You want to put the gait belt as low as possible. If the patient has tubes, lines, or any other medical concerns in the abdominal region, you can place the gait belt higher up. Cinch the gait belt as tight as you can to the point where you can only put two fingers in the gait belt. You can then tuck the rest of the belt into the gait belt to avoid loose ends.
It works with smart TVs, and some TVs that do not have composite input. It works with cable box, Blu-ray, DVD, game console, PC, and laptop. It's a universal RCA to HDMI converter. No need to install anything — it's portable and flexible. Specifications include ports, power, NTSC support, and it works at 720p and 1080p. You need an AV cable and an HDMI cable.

◆ ◆ ◆ ◆ ◆ ◆ ◆

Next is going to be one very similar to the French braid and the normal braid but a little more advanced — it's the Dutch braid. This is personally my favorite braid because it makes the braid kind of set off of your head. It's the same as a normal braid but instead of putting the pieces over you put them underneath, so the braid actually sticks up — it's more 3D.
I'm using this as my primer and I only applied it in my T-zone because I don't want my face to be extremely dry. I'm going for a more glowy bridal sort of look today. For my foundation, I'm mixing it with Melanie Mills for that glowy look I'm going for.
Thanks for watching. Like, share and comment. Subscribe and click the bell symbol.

◆ ◆ ◆ ◆ ◆ ◆ ◆

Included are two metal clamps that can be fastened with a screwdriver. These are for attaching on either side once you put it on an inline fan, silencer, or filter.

◆ ◆ ◆ ◆ ◆ ◆ ◆

**REQUIRED ACTION**: If a line of the records includes the string "want", copy it out.

**RESULT**:
You want to put the gait belt as low as possible. If the patient has tubes, lines, or any other medical concerns in the abdominal region, you can place the gait belt higher up. Cinch the gait belt as tight as you can to the point where you can only put two fingers in the gait belt. You can then tuck the rest of the belt into the gait belt to avoid loose ends.
I'm using this as my primer and I only applied it in my T-zone because I don't want my face to be extremely dry. I'm going for a more glowy bridal sort of look today. For my foundation, I'm mixing it with Melanie Mills for that glowy look I'm going for.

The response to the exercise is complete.